Back to the point. I was writing this tool for downloading files using curl (the command line tool, not the library). I also use FlashGot for Firefox which saves all the selected URLs in a text file and runs the program specifying the text file on the command line. Parsing the text file is simple enough in C:

int main(int argc,char **argv) {
  FILE *f=fopen(argv[1],"r");
  char line[100];

  while (fgets(line,99,f)) {
    download_url_with_curl(line);
  }

  fclose(f);
  return 0;
}

However, I don’t like how the program is dependent of the text file (note how at this point the additional challenges start to sneak in).
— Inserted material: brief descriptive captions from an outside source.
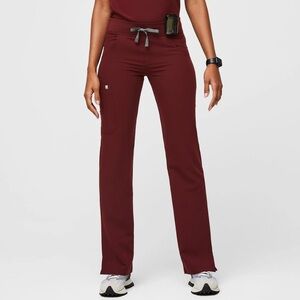 Petite Kade Cargo Scrub Pant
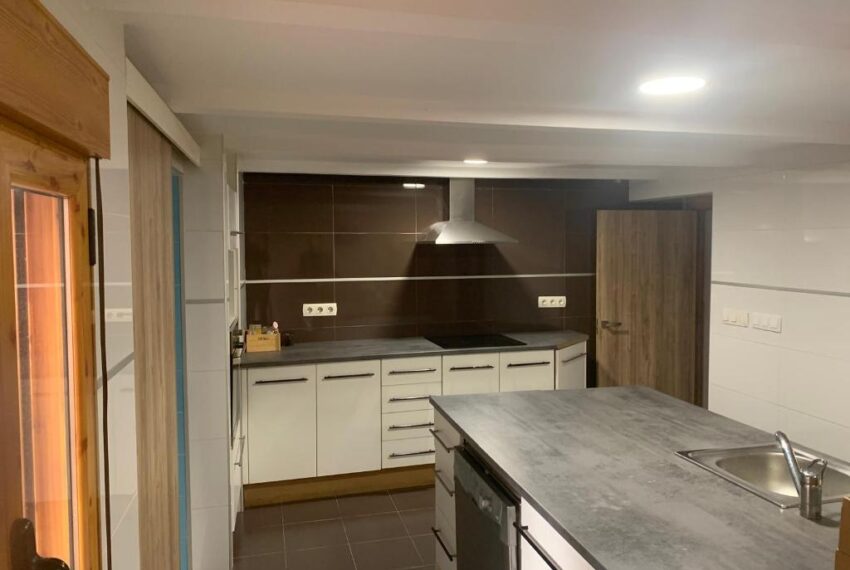 35b9ff19-f134-4a19-855c-26a57e896d04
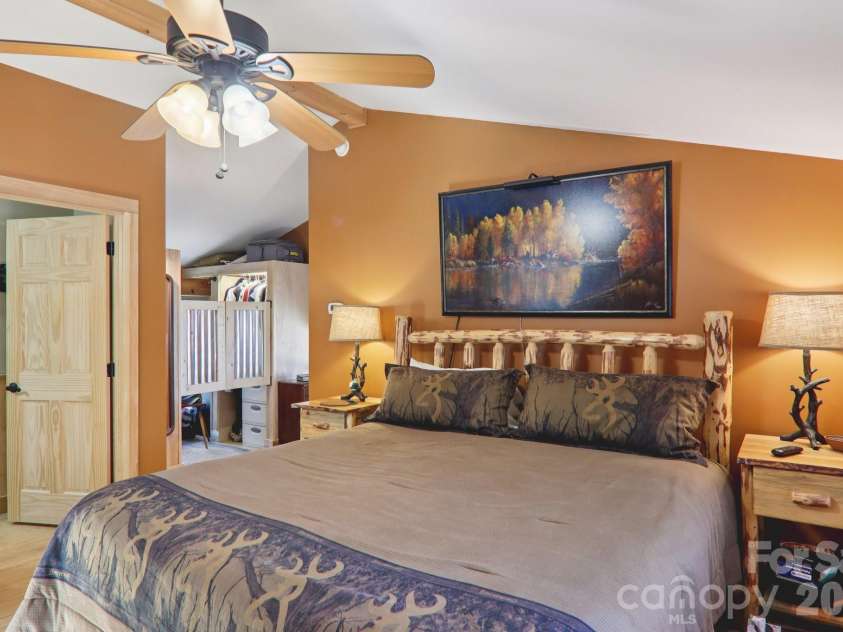284 Robin Roost Road, Maggie Valley, NC 28751.  MLS# CAR4356415, YatesRealty ID 5452.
The text file is open as long as the program keeps downloading the files and that can be a long while if the files are huge. Of course, the program should read the list in memory and close the file.

int main(int argc,char **argv) {
  FILE *f=fopen(argv[1],"r");
  char line[100][100];
  int num_lines=0,i;

  while (fgets(line[num_lines++],99,f)) {
    /* line read */
  }

  fclose(f);

  for(i=0;i<num_lines;i++) download_url_with_curl(line[i]);

  return 0;
}

Still quite simple, but there are two problems: What if there are more than 100 lines? What if the lines are longer than 100 characters (including the null terminator)? The array at least should be dynamic, i.e. it should be able to resize itself when lines are read. This is still quite simple but it starts to get annoying:

int main(int argc,char **argv) {
  FILE *f=fopen(argv[1],"r");
  char **lines=NULL,line[100];
  int num_lines=0,i;

  while (fgets(line,99,f)) {
    lines=realloc(lines,(num_lines+1)*sizeof(char*));
    lines[num_lines++]=strdup(line);
  }

  fclose(f);

  for(i=0;i<num_lines;i++) {
    download_url_with_curl(line[i]);
  }

  for(i=0;i<num_lines;i++) {
    free(lines[i]); // free the allocated strings
  }

  free(lines); // free the array
  return 0;
}

You have to reallocate memory a lot and you have to free the memory. Not perverted enough. It seems I have run out of real improvements to make and have to find something else challenging.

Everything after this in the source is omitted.